Утром Лестранжу и Блеку пришлось столкнуться с холодным презрением однокурсников, отнюдь не обрадованных тому, что за ночь Слизерин переместился на последнее место в соревновании факультетов.
Днём друзья встретились в парке после обеда. Ориель выглядела просто разъярённой, что было на неё очень не похоже:
— Том, зачем ты это сделал? Из-за тебя Слизерин лишился пятидесяти баллов, и все считают братьев Лестранжей лгунами! Я не хотела помогать тебе в этом!
— Что ты говоришь, Ориель? Они твои лучшие друзья, и тебе очень нравится, когда они обзывают тебя мугглокровкой? — Том предполагал, что разговор с ней будет тяжёлым: трудно представить человека, более несовместимого с подлостью, чем его подруга.
— Нет, дело не в этом. Они ведут себя недостойно, но это не повод уподобляться им. Ты понимаешь, что становишься таким же?
— Ориель, не мы начали первыми. Лестранж и Блек получили по заслугам, — Кай вступился за друга.
— Вы даже ничего не сказали мне! Том, это подло!

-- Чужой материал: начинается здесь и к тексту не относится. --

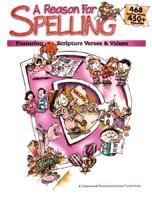 A Reason for Spelling: Homeschool Pack Level D 093678573X Book Cover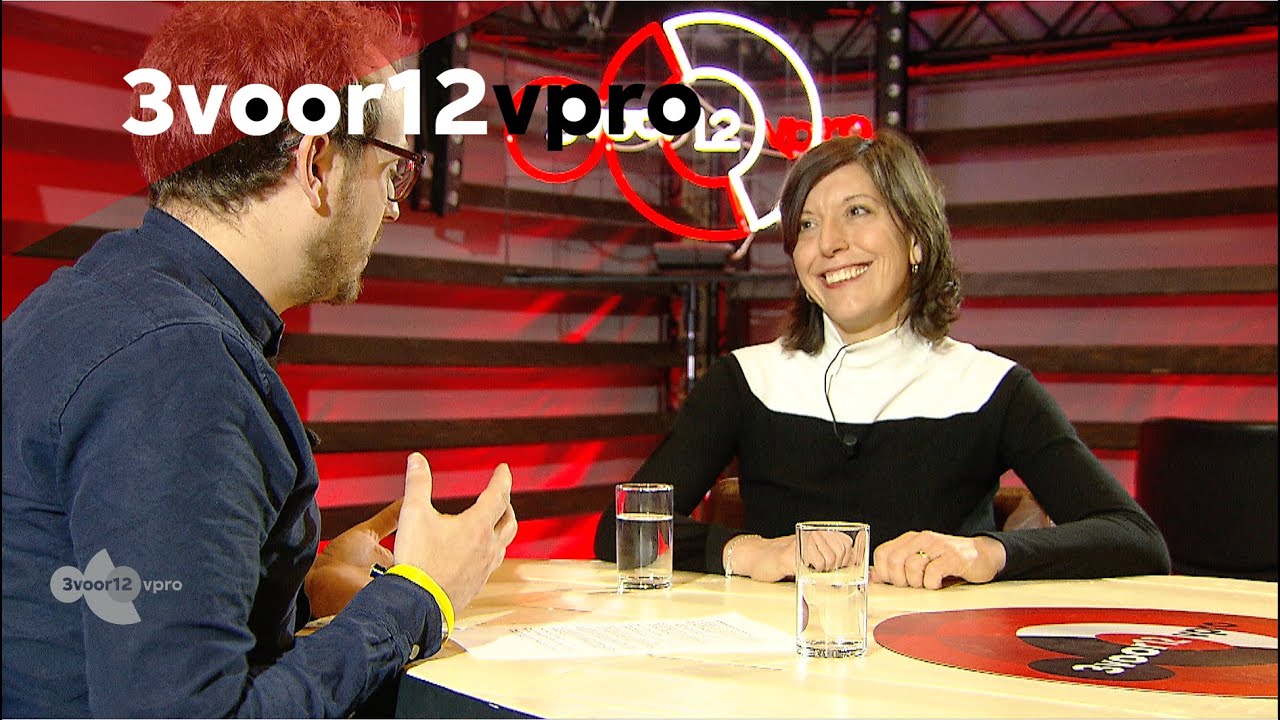 Talkshow met Atze de Vrieze - Hoe krijg je TivoliVredenburg levend?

— Хорошо. Я пойду к профессору Кривелли и во всём признаюсь. Ты ведь этого хочешь? Меня исключат из Хогварца и вернут в приют Босоногого Патрика. Последний месяц там я не выходил из карцера, а Кобыла Броди, наша воспитательница, приходила ко мне только для того, чтобы избить. И всё из-за того, что твой отчим сократил финансирования приюта. Она очень обрадуется моему возвращению и не упустит возможности заморить меня голодом. Тогда ты будешь довольна? Справедливость восторжествует? — Том смотрел на неё в упор. В его глазах сверкали зловещие ледяные огоньки. Он хорошо изучил Ориель и знал, что она никогда этого не потребует, и поэтому не отводил глаза. Ориель молчала — эта девочка была не из тех, кто готов так просто поступиться принципами.
— Том, ты всё равно поступил отвратительно, кроме того, не было никакой необходимости так рисковать. Если бы я знала, то не стала бы в этом участвовать, — она вздохнула.
— Ориель, ты преувеличиваешь, — Том поморщился, как от зубной боли, — ему хотелось так же пылко верить в добро и справедливость.
— Ты даже не спросила у Тома, что ему удалось узнать в библиотеке, — Кай был на стороне друга. Его тоже абсолютно не мучила совесть.
— Том, пообещай мне, что больше не будешь так делать! — не сдавалась Ориель.
— Хорошо, обещаю, — ещё раньше, чем Том произнёс эти слова, он понял, что нарушит слово.
— Так ты что-нибудь нашёл в запретной секции? — Кай был рад сменить тему.
— Кое-что. Я читал про Гриндельвальда, великого тёмного мага. Он проводит чёрные мессы и подозревается в нескольких убийствах. Еще его разыскивают потому, что он пытался вмешаться в ход времени.
— Как это? — голос Ориель звучал встревоженно.
— Не знаю, — Том пожал плечами, — но я уверен, что исчезновение дедушки — его рук дело. Амулет Тени — великий страгийский артефакт, его нельзя взять силой или украсть. И он много поколений хранился в моей семье. Если Гриндельвальд хочет изменить время, это именно то, что ему нужно.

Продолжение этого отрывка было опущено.